Thanks to these discoveries and more recent results from functional MRIs, we now have a fairly reliable map of the brain. Most brain research centers on the cerebral cortex, which is far more advanced in humans than in any animal. The thickness of the sole of a shoe, the cortex directs the higher activities of thought and memory while also processing all the information received from the sensory organs. The majority of neurons live in that layer of gray matter, the fertile topsoil of the brain.
Nerve cells divide into two groups: “the way in,” or afferent cells that carry impulses from the body into the brain, and “the way out,” efferent cells that carry instructions from the brain out to the extremities. All visual images, all sounds, all touch and pain sensations, all smells, the sensations of hunger, thirst, and sex drives, muscular tension—all the noise from the entire body—occupy only one in a thousand of the brain’s cells, the afferent cells. Similarly, the efferent cells make up a fraction of one percent of brain cells, enough to control motor activities: playing a musical instrument, speaking a language, dancing a ballet, typing a letter, playing a video game.
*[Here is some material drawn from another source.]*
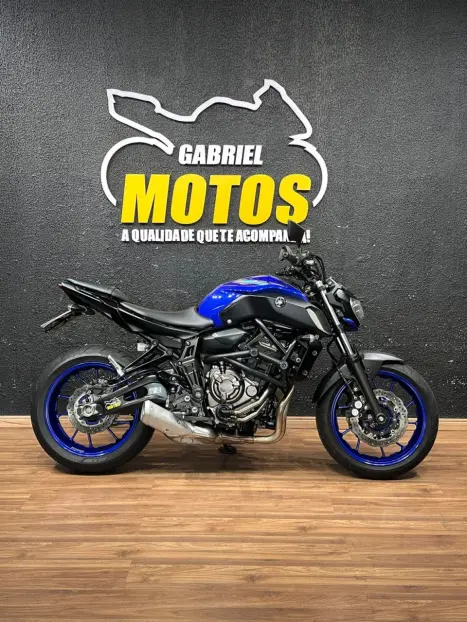 YAMAHA MT-07 700 ABS, Foto 1
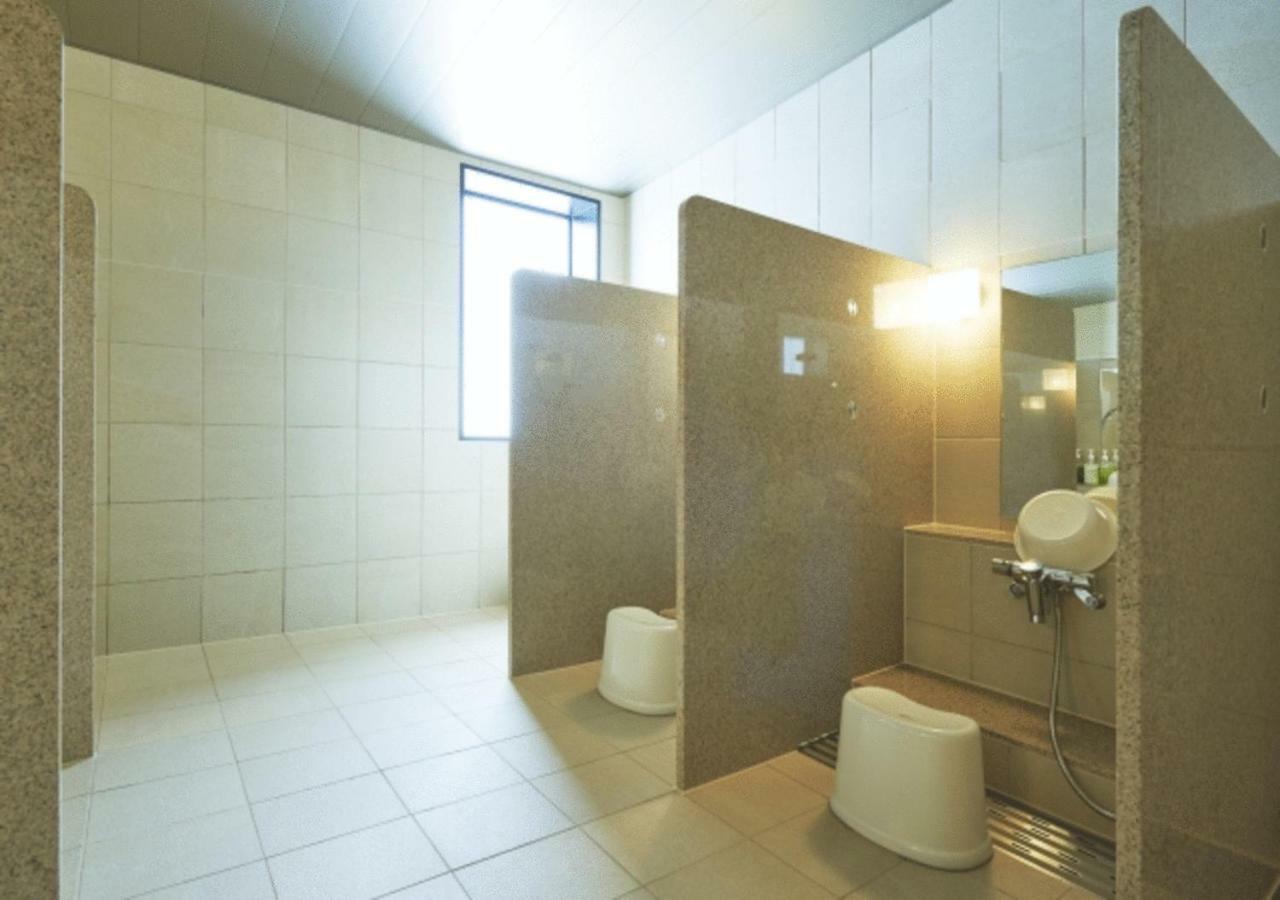 First Cabin Kyobashi Capsule hotel *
The remaining, vast majority of brain neurons join together in a network of intercommunication to allow the processes we know as thought and free will. One brain biologist likens this network to billions of bureaucrats constantly phoning each other about plans and instructions for keeping a country running. More poetically, Sir Charles Sherrington rhapsodized about an “enchanted loom” with lights that flash on and off as messages weave their way through the brain—the very image later captured by functional MRIs.
The entire mental process comes down to the brain’s cells spitting chemicals at each other across synapses. Its complexity defies description, with the total number of connections far exceeding the number of galaxies in the universe. A mere gram of brain tissue may contain as many as four hundred billion synaptic junctions. As a result, each cell can communicate with every other cell at lightning speed—as if a population far larger than earth’s were linked together so that all inhabitants could talk at once.
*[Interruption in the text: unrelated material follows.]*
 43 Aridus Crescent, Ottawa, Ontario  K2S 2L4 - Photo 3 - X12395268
Mercifully, we are hardly aware of the process. I decide to write the next sentence; in a flash my brain computes first the thoughts and then the words I will use, then the elaborate coordination of muscles, tendons, and bones required to type the words. Before I finish typing, my brain begins composing the sentence to follow.
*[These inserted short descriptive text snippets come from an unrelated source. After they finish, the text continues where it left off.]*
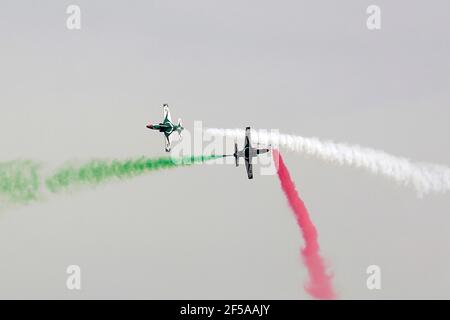 Islamabad, Pakistan. März 2021, 25th. Pakistanische Jets führen Kunstflugmanöver während der Pakistan Day Militärparade in Islamabad, Hauptstadt von Pakistan, 25. März 2021 durch. Pakistan am Donnerstag hielt die Pakistan Day Militärparade in der Hauptstadt Islamabad mit vollem Eifer und Inbrunst. Quelle: Str/Xinhua/Alamy Live News Stockfoto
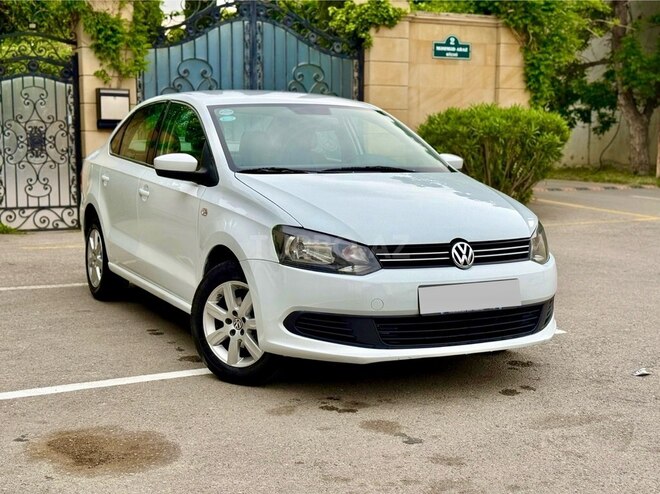 Volkswagen Polo 2015, 158,460 km - 1.6 l - Bakı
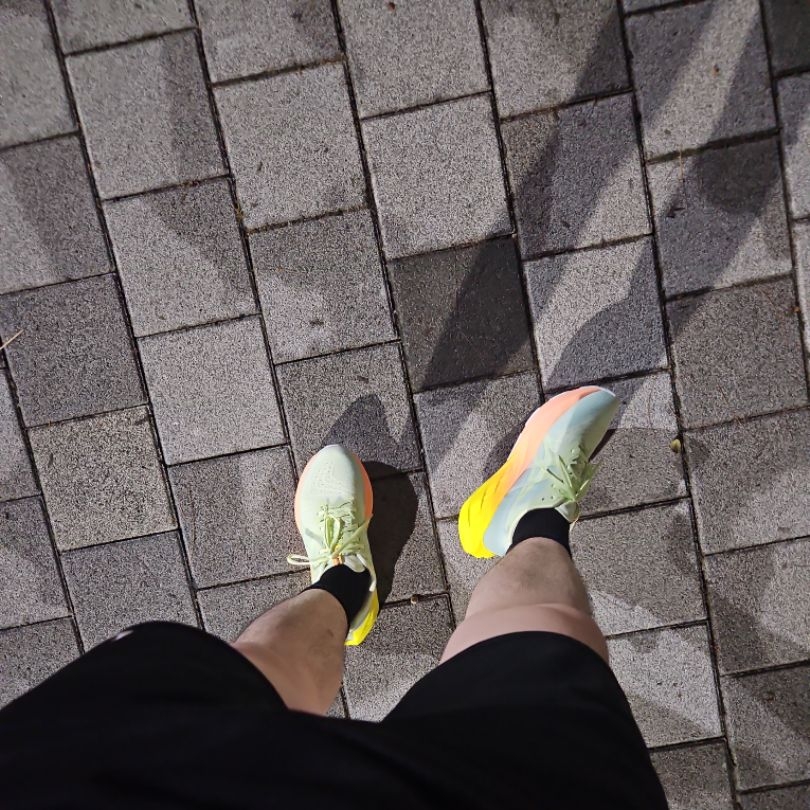Asics Novablast 4 Cool Matcha Safety Yellow 착용 스타일 - 1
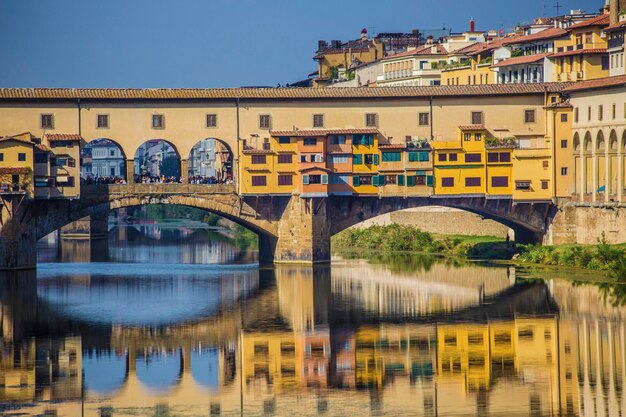 피렌체(Florence)의 베키오 다리(Ponte Vecchio)의 아름다운 전망, 오래된 석교, 아르노 리에서 찍은 사진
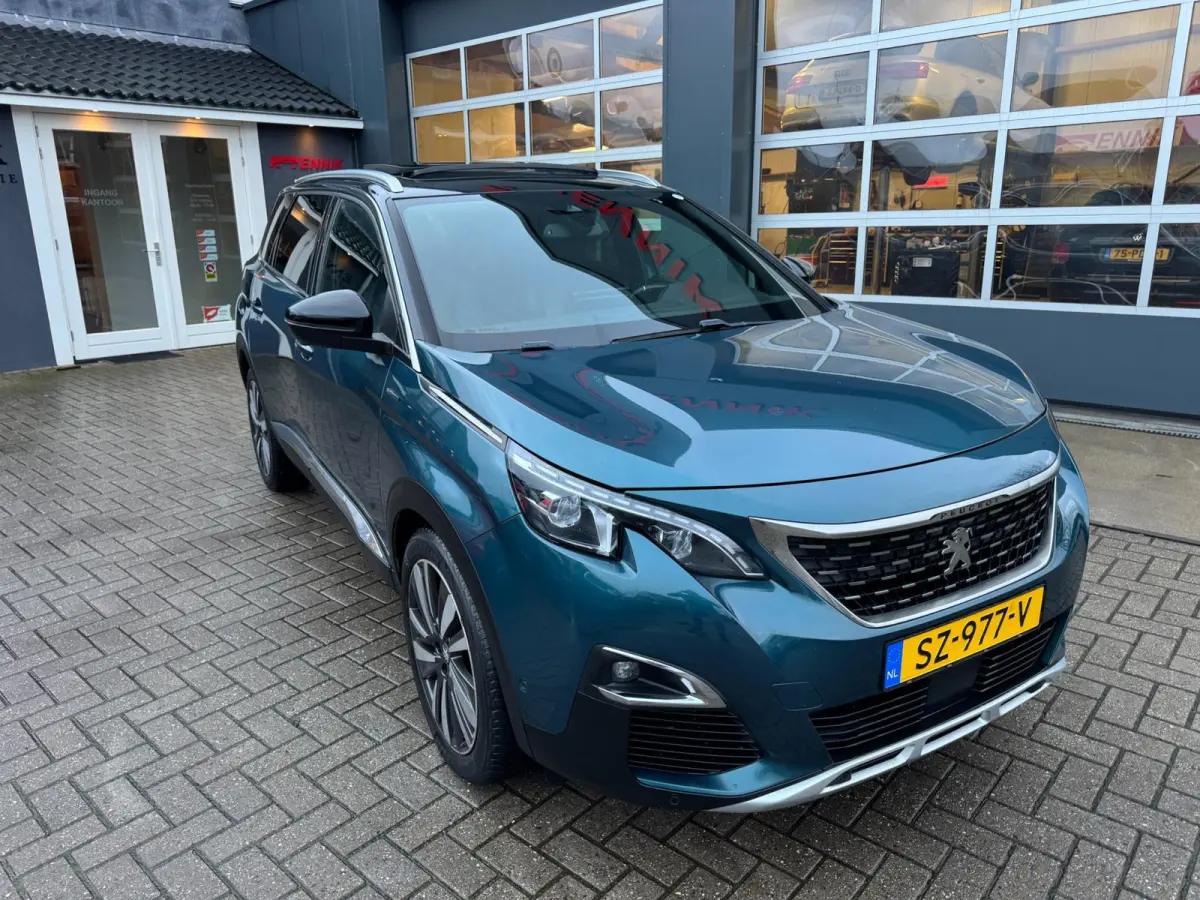 1.2 PureTech Blue Lease GT-Line / Pano / Leder / 7 Persoons .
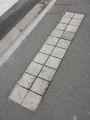 Bande-podotactile-en-pave-beton-20131020185027.jpg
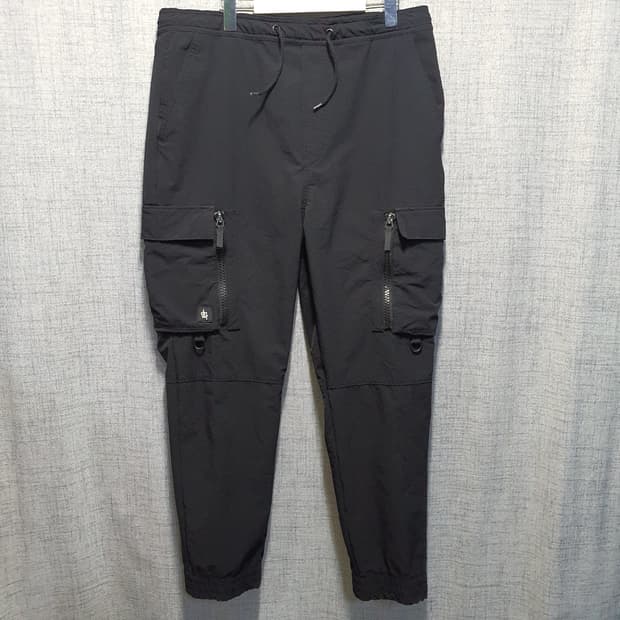 자라 DNWR 블랙 카고 조거팬츠   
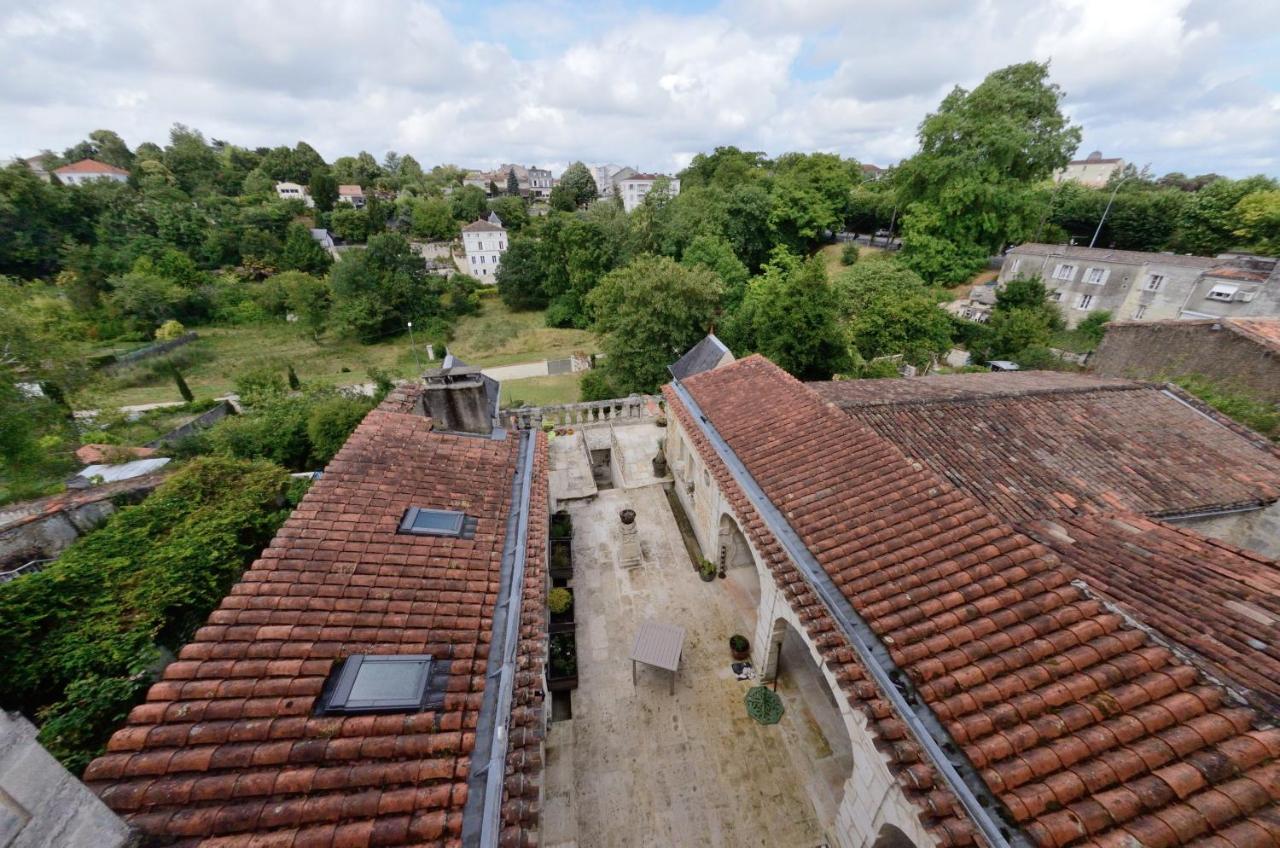 La Belle Etoile Panzió Saintes Kültér fotó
Steven Levy records what happened when, on a visit to Princeton, he came across a jar containing Albert Einstein’s brain:
I had risen up to look into the jar, but now I was sunk in my chair, speechless. My eyes were fixed upon that jar as I tried to comprehend that these pieces of gunk bobbing up and down had caused a revolution in physics and quite possibly changed the course of civilization. There it was.
In the human head, concludes Nobel laureate Roger Sperry, “there are forces within forces within forces, as in no other cubic half-foot of the universe that we know.” Perhaps if I worked on brains daily I would grow more callous. I doubt it—the neurosurgeons I know still speak of the brain in hushed, almost worshipful tones.
And yet nothing on earth is so fragile. One dosage of a powerful drug can permanently upset the delicate balance inside a brain. One bullet may destroy it or one spill from a motorcycle. Deprived of oxygen for a mere five minutes, the brain will die, and with it the whole body.